▸ Description of the task
Transcribe the listing exactly as written. Leave the images out.

▸ Task input
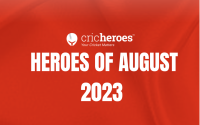 Heroes of August 2023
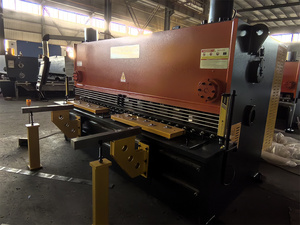 Cesoia Idraulica CNC Qc11y Delem E21S, Macchina da Taglio Idraulica 8x2500mm - Product Image 4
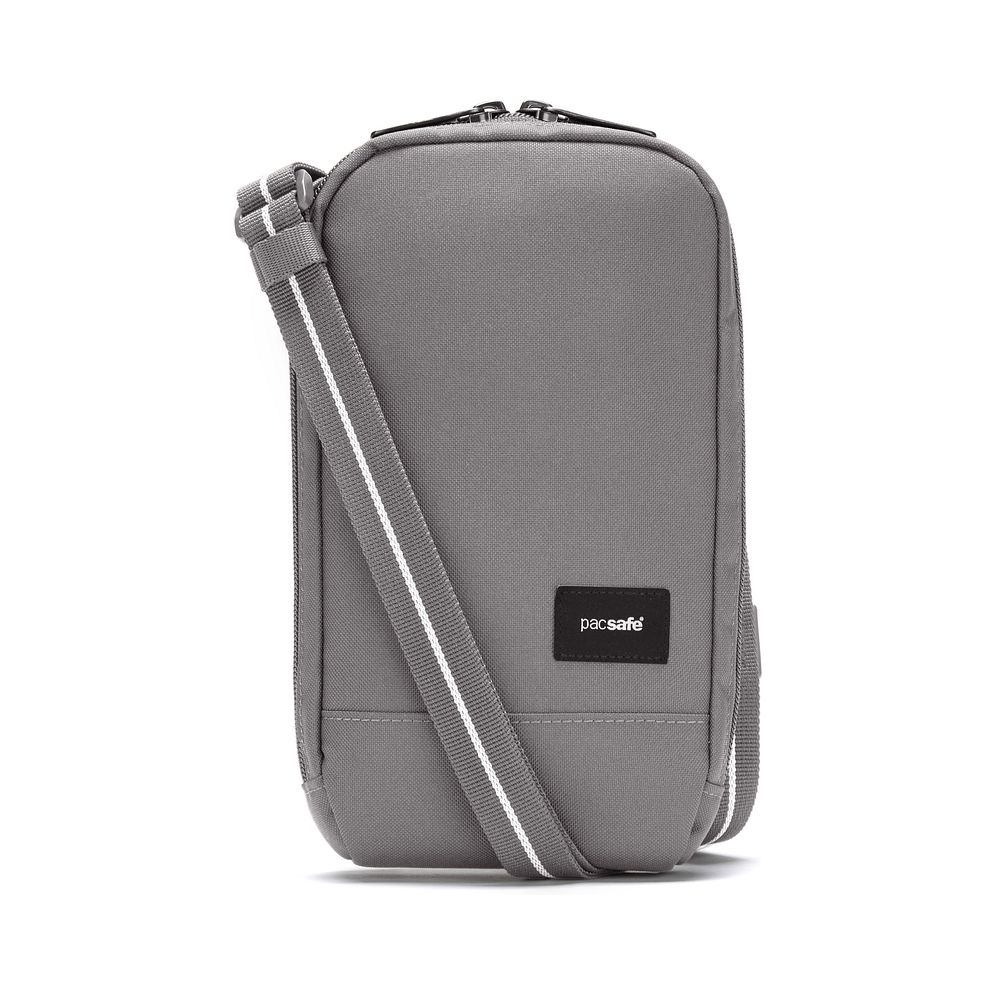 Pacsafe RFIDsafe Tech Borsa a tracolla Protezione RFID 12.5 cm Pacsafe RFIDsafe Tech Borsa a tracolla Protezione RFID 12.5 cm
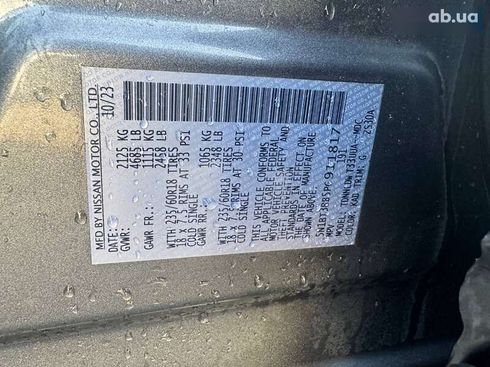 Nissan Rogue 2023 - фото 18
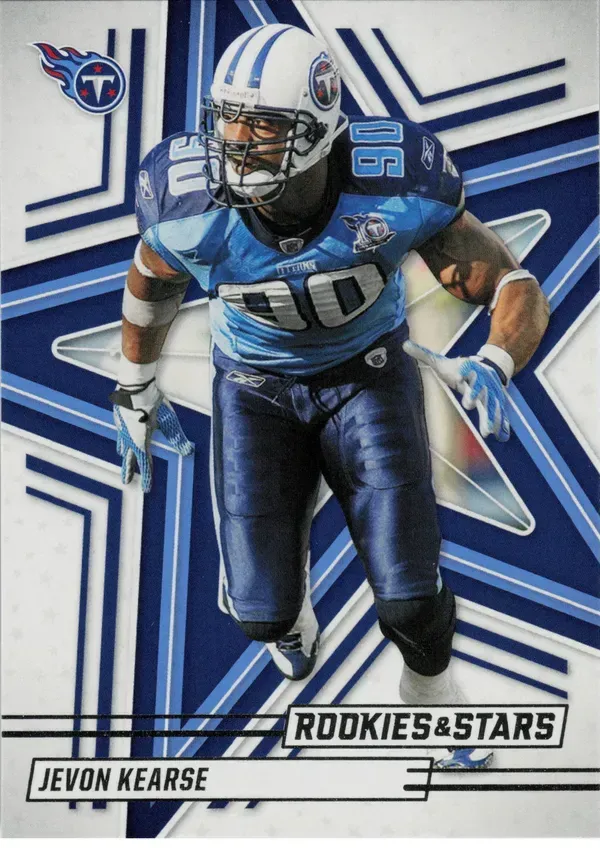Jevon Kearse — 2025 Panini Rookies & Stars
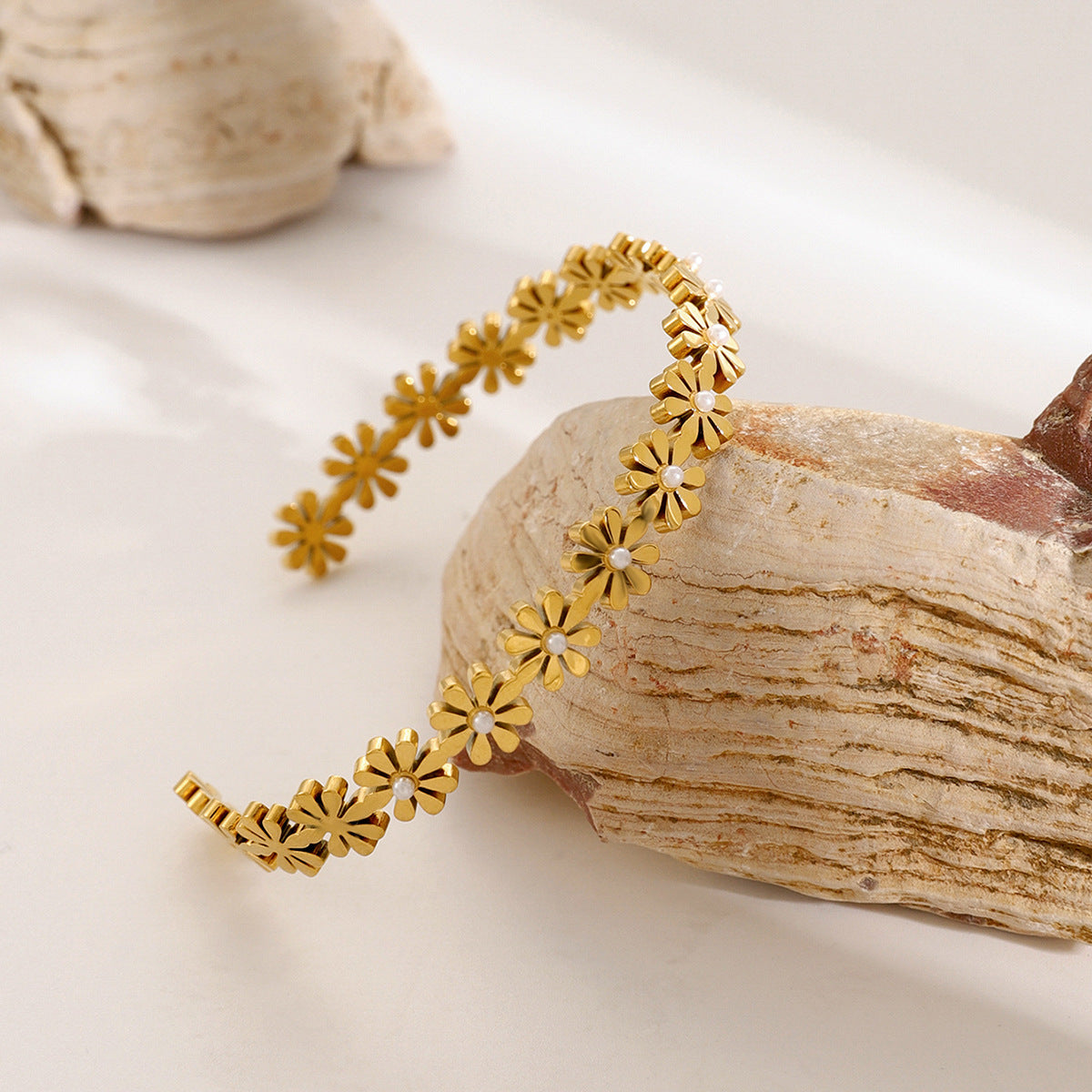 Bracelet en acier inoxydable
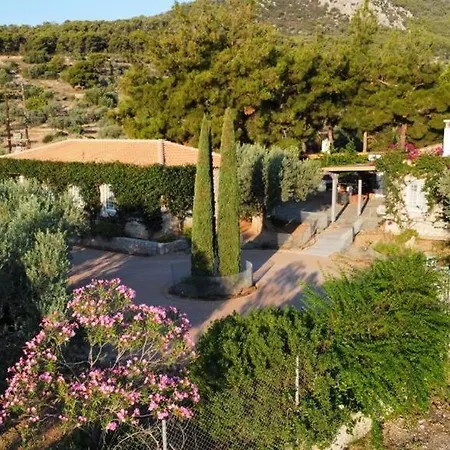 Hermione Hills Luxury By Goutos Luxury Living * Agia Anna (Argolis)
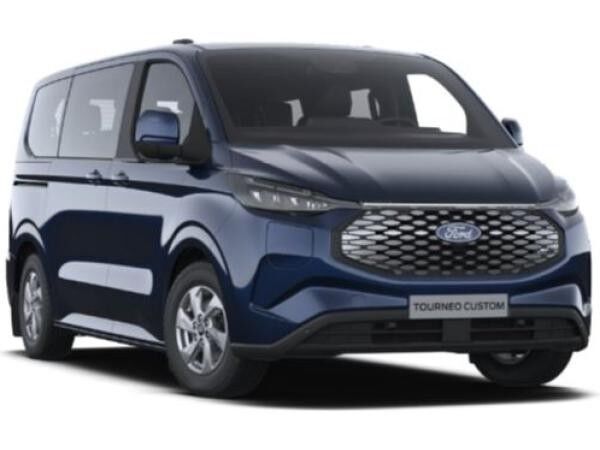 Ford Tourneo Custom ⚡️Elektro⚡️, 🔥Bestellaktion🔥+Wartung/Verschleiß!!!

▸ Written answer
 Heroes of August 2023
 Cesoia Idraulica CNC Qc11y Delem E21S, Macchina da Taglio Idraulica 8x2500mm - Product Image 4
 Pacsafe RFIDsafe Tech Borsa a tracolla Protezione RFID 12.5 cm Pacsafe RFIDsafe Tech Borsa a tracolla Protezione RFID 12.5 cm
 Nissan Rogue 2023 - фото 18
Jevon Kearse — 2025 Panini Rookies & Stars
 Bracelet en acier inoxydable
 Hermione Hills Luxury By Goutos Luxury Living * Agia Anna (Argolis)
 Ford Tourneo Custom ⚡️Elektro⚡️, 🔥Bestellaktion🔥+Wartung/Verschleiß!!!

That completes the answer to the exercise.